What is the default security descriptor?

Date:March 12, 2004 / year-entry #96
Tags:code
Orig Link:https://blogs.msdn.microsoft.com/oldnewthing/20040312-00/?p=40273
Comments:    19
Summary:All these functions have an optional LPSECURITY_ATTRIBUTES parameter, for which everybody just passes NULL, thereby obtaining the default security descriptor. But what is the default security descriptor? Of course, the place to start is MSDN, in the section titled Security Descriptors for New Objects. It says that the default DACL comes from inheritable ACEs (if...

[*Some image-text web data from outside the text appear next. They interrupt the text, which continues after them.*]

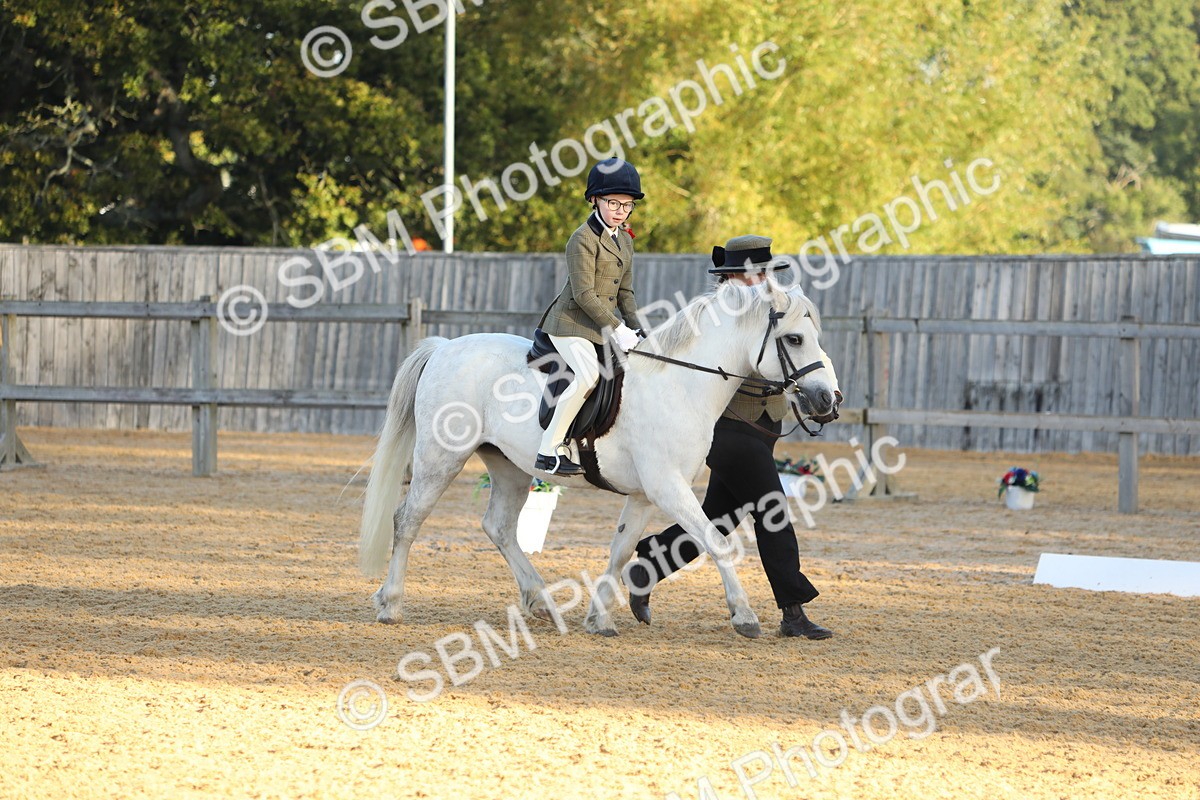 SBM_33601 - D26 - Starers - Lead Rein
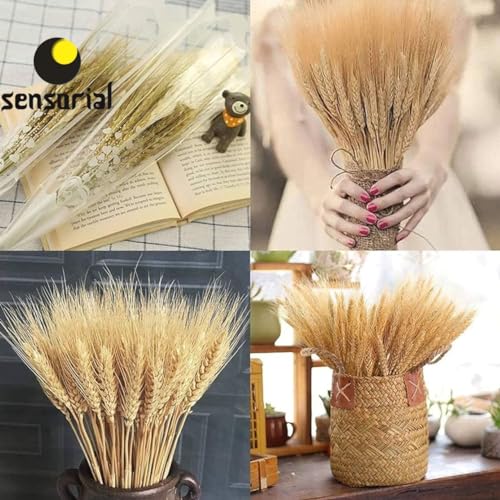 Ramo Trigo Seco Decorativo, 75 cm, Lotes de Palha para Decoração de Casamentos, Festas, Casa, Evento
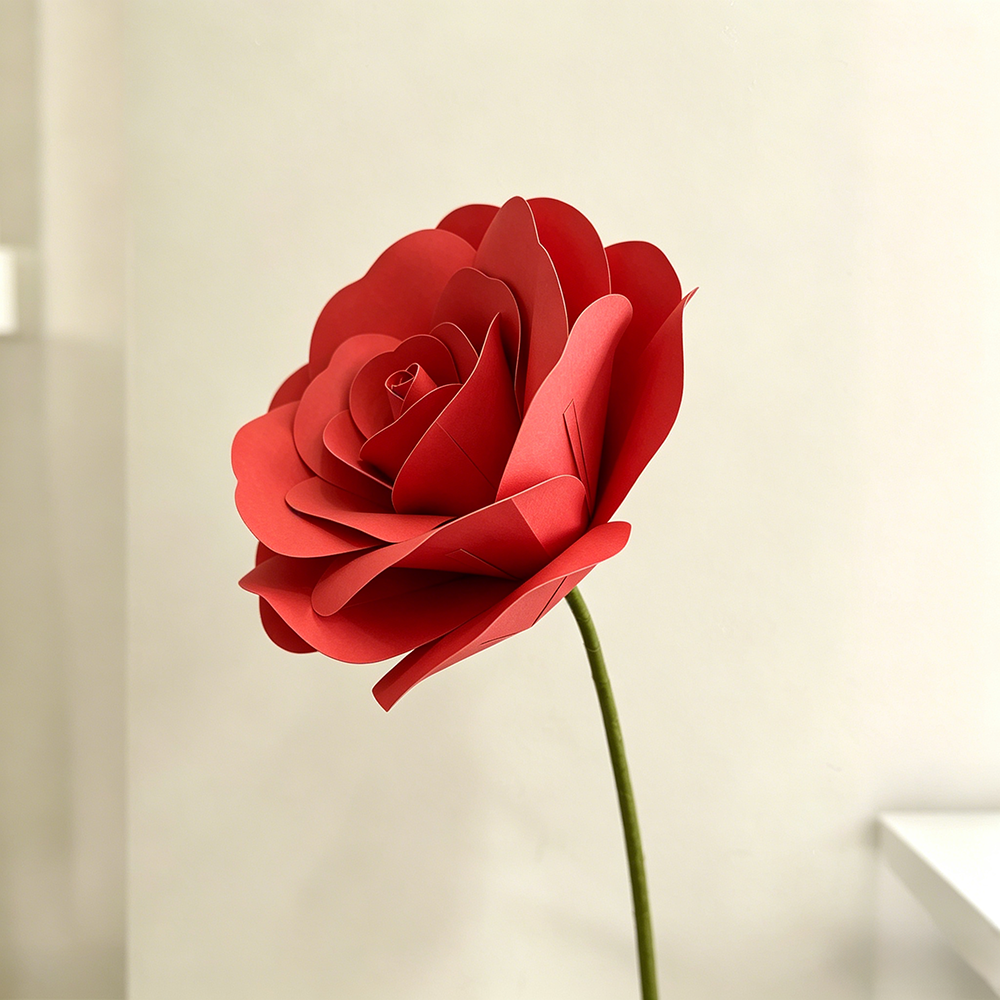 Flowerva Timeless Rose Premium Flower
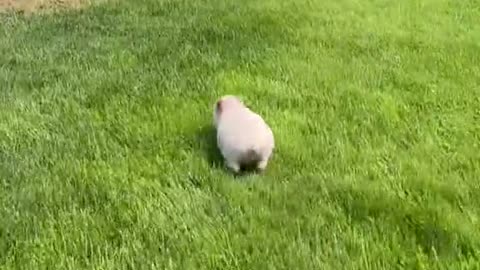 Mini pig is escaping from his owner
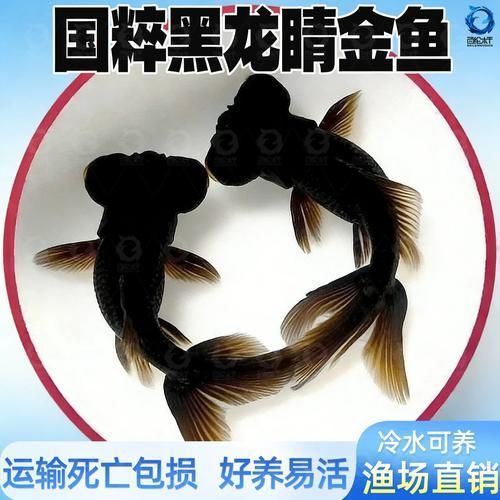 黑龍睛金魚的價(jià)格是多少，黑龍睛金魚的繁殖技巧如何辨別黑龍睛金魚的品相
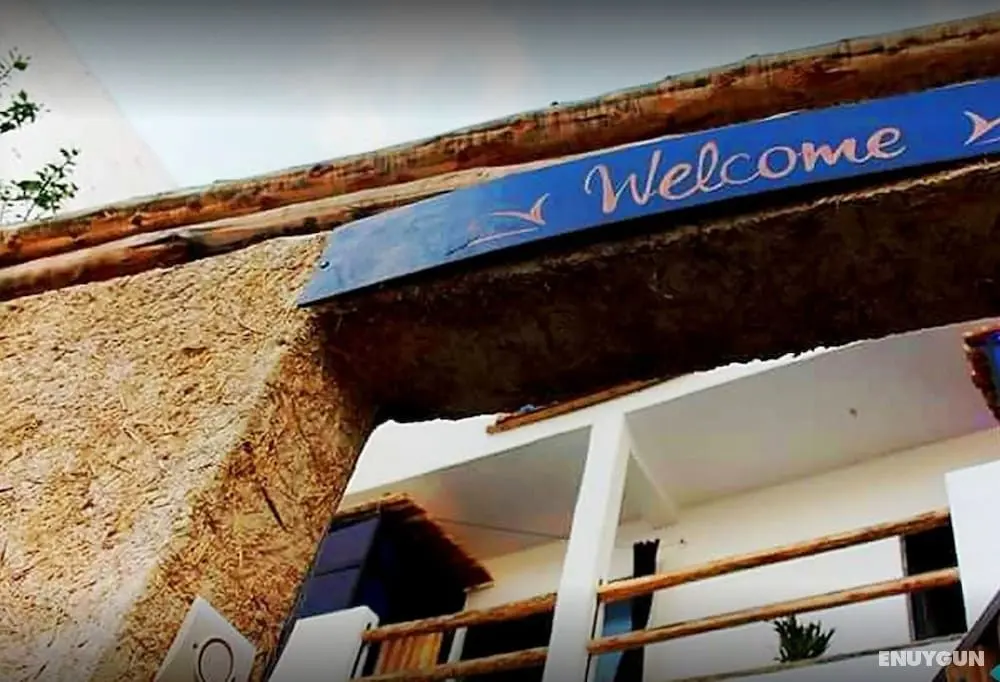 Taghazout Surf Dream - Hostel - Öne Çıkan Resim
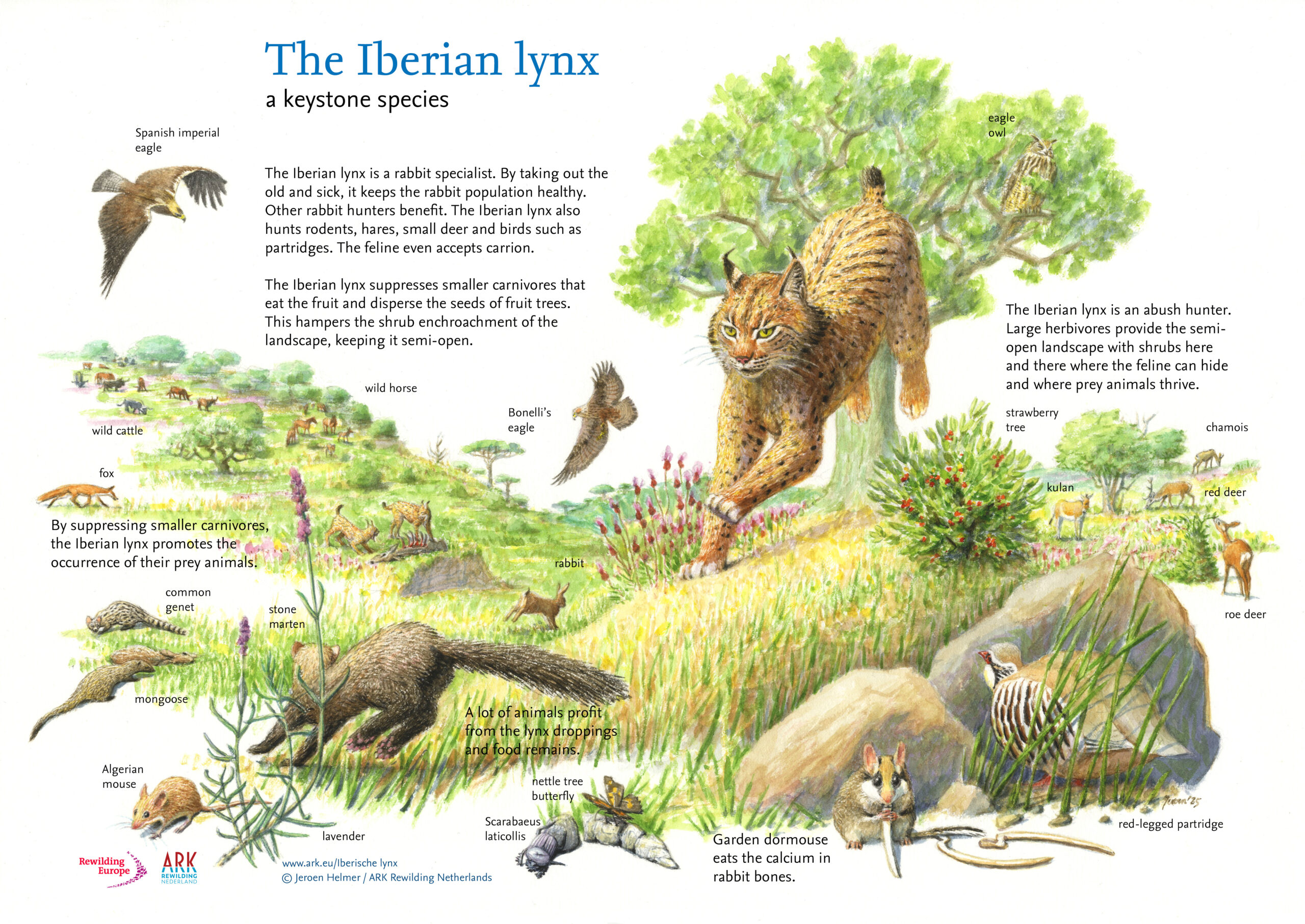 Iberian Lynx illustration by Jeroen Helmer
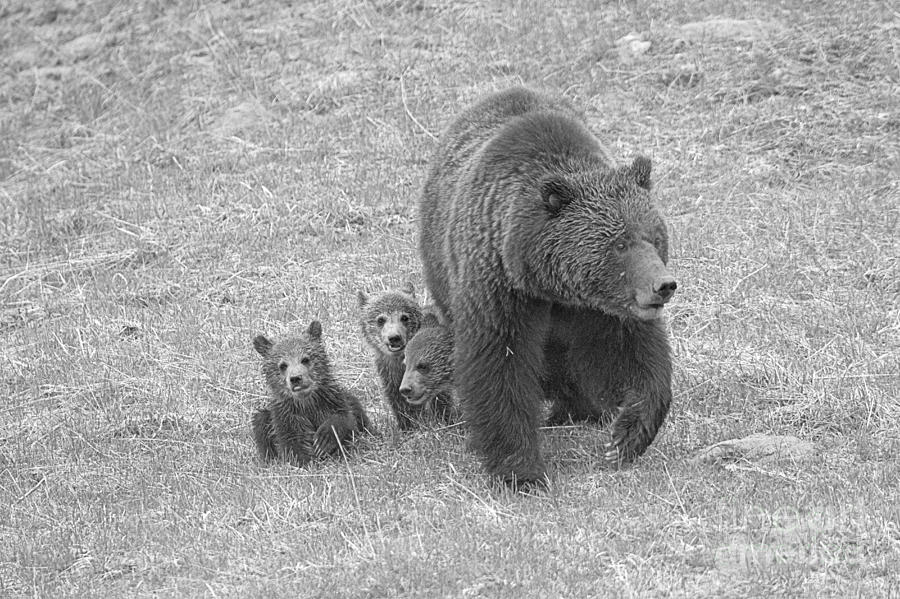 Grizzly Family Hike Black And Whte Photograph by Adam Jewell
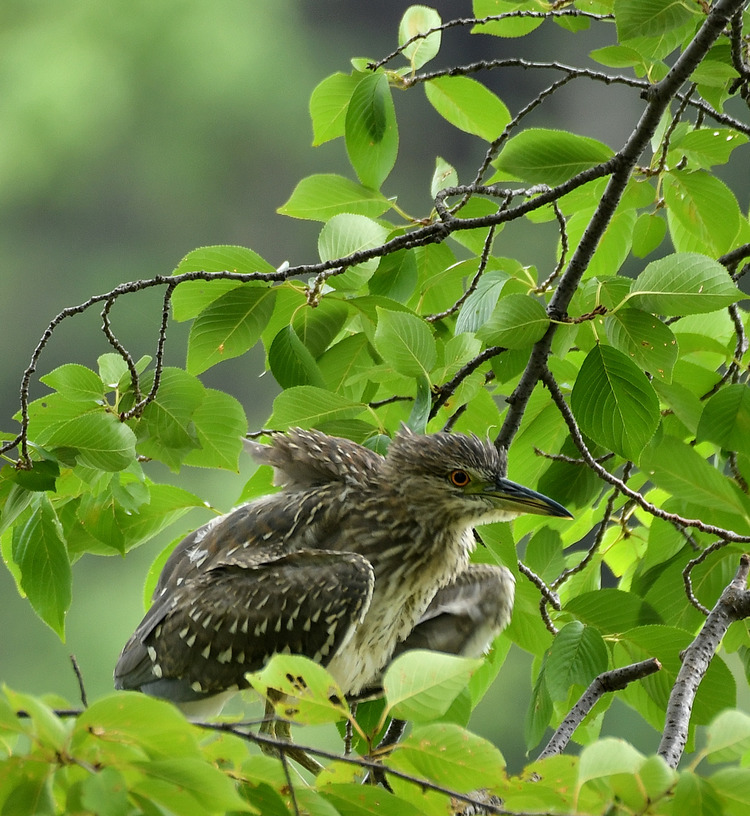 D5003_080777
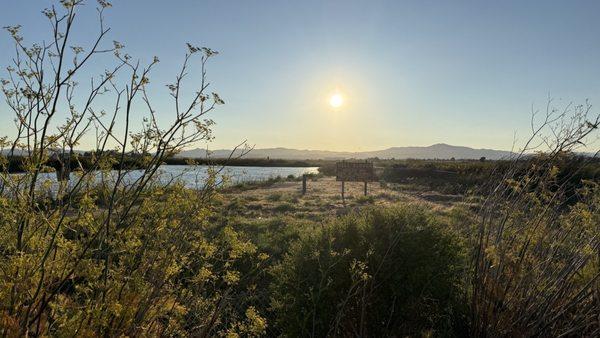 Grizzly Island Trail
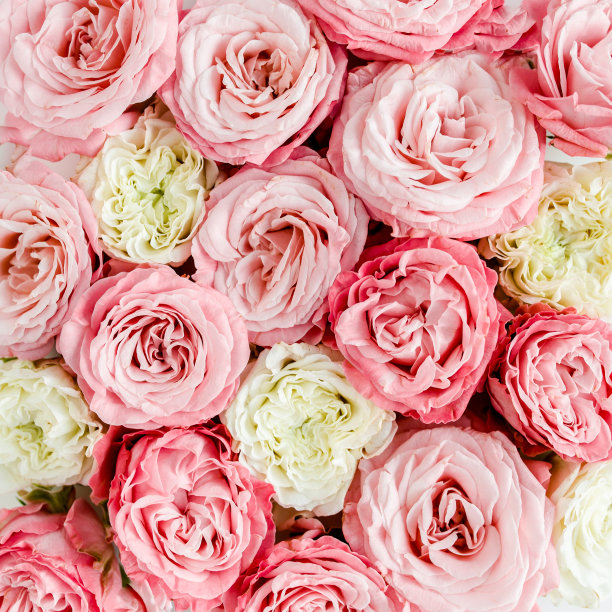 花的背景纹理制成的粉红色玫瑰花蕾。平躺，俯视图花卉背景图片下载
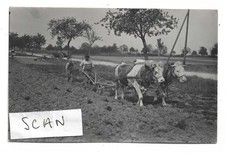 Carte photo semaille d'occasion  Hagondange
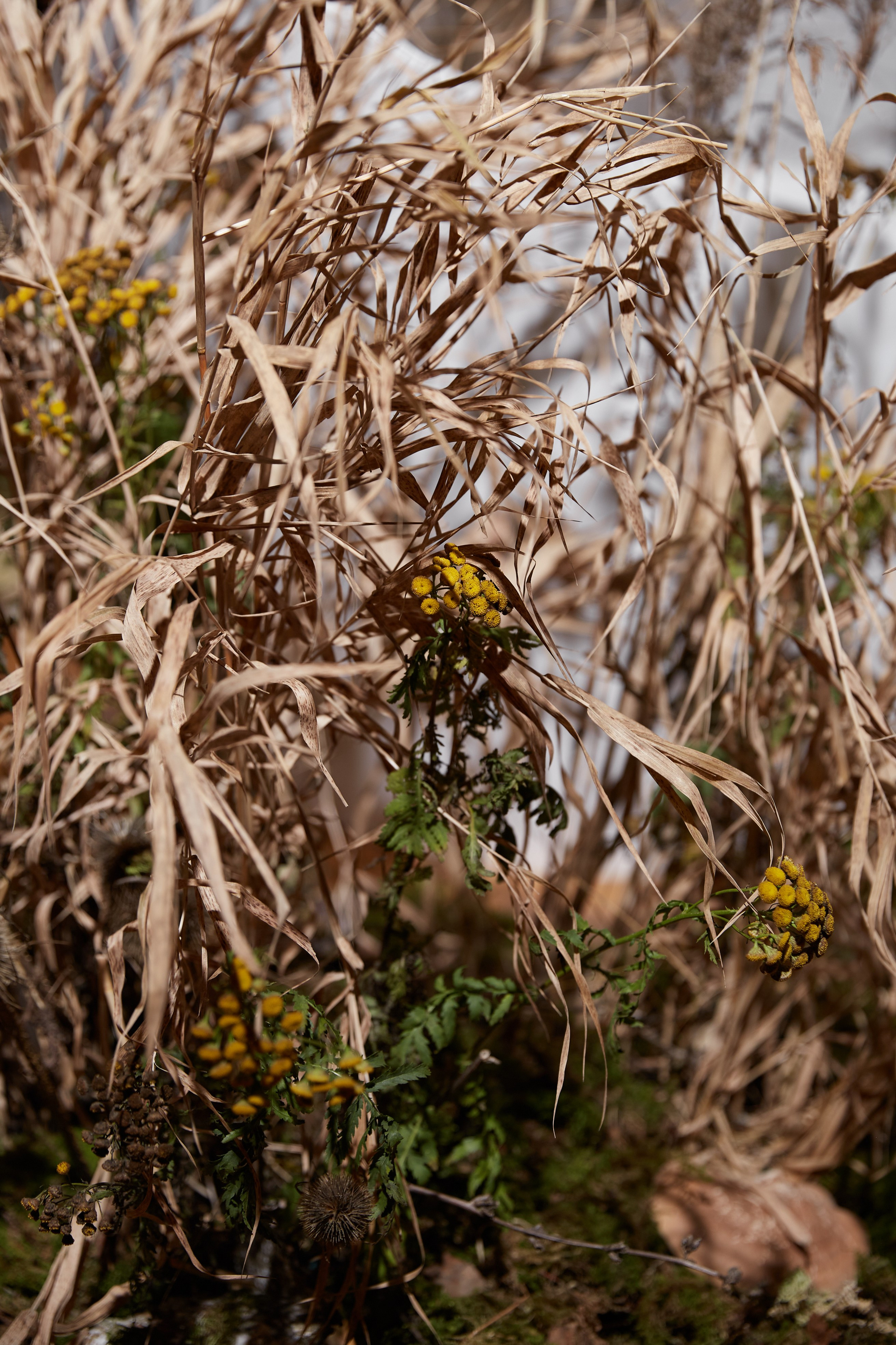 Лера & Вова. Оформление свадеб, декор свадеб Вера Маркова, Москва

All these functions have an optional LPSECURITY_ATTRIBUTES parameter, for which everybody just passes NULL, thereby obtaining the default security descriptor. But what is the default security descriptor?

Of course, the place to start is MSDN, in the section titled Security Descriptors for New Objects.

It says that the default DACL comes from inheritable ACEs (if the object belongs to a hierarchy, like the filesystem or the registry); otherwise, the default DACL comes from the primary or impersonation token of the creator.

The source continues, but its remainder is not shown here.